**WHAT YOU ARE ASKED TO DO**
Retype the whole listing below exactly, keeping every picture out of it.

**SUPPLIED INFORMATION**
-- Opening Marker --

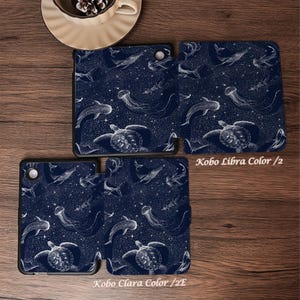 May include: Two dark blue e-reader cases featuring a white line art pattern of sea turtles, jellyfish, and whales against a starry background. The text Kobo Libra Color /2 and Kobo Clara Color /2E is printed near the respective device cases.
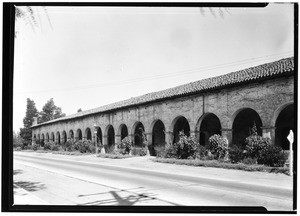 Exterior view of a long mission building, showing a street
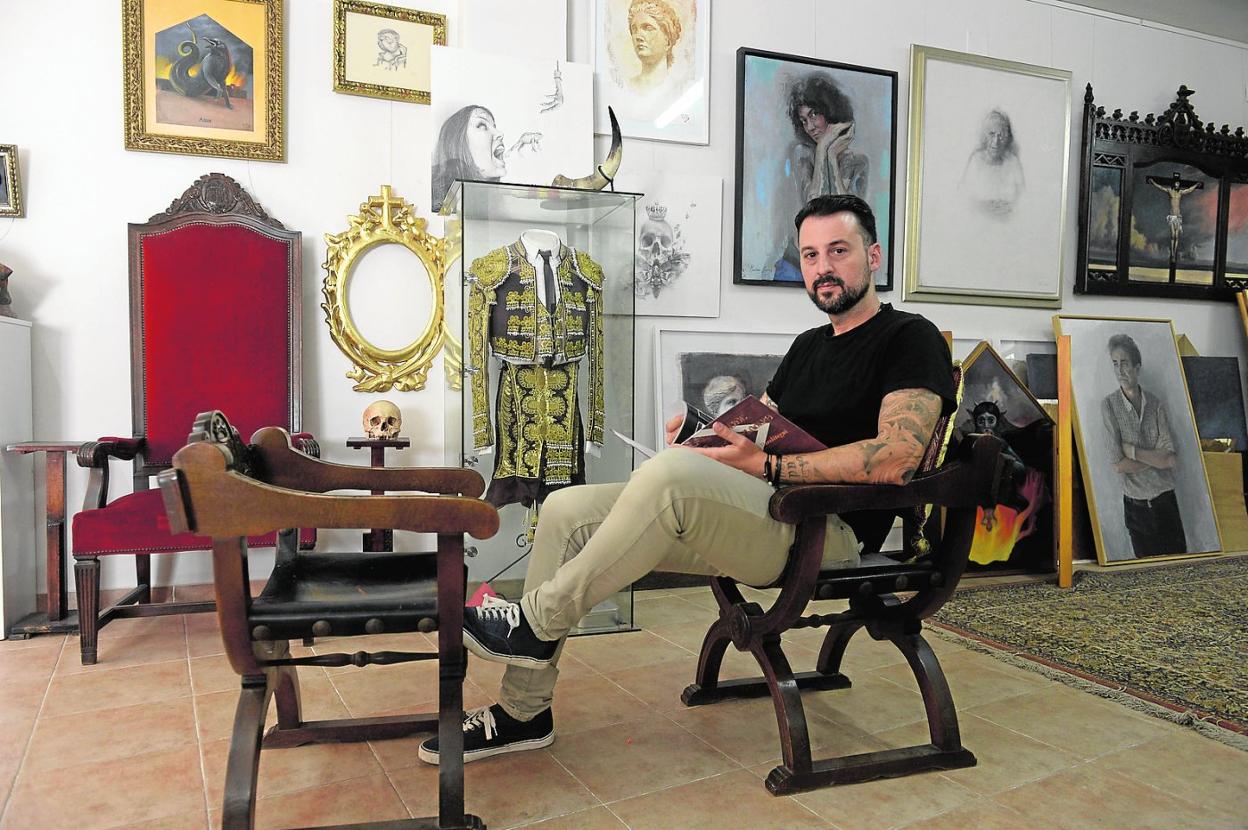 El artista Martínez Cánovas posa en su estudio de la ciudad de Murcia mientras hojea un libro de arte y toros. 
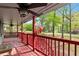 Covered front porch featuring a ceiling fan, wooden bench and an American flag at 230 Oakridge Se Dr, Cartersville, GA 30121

-- Closing Marker --

**WORKED SOLUTION**
 May include: Two dark blue e-reader cases featuring a white line art pattern of sea turtles, jellyfish, and whales against a starry background. The text Kobo Libra Color /2 and Kobo Clara Color /2E is printed near the respective device cases.
 Exterior view of a long mission building, showing a street
 El artista Martínez Cánovas posa en su estudio de la ciudad de Murcia mientras hojea un libro de arte y toros. 
 Covered front porch featuring a ceiling fan, wooden bench and an American flag at 230 Oakridge Se Dr, Cartersville, GA 30121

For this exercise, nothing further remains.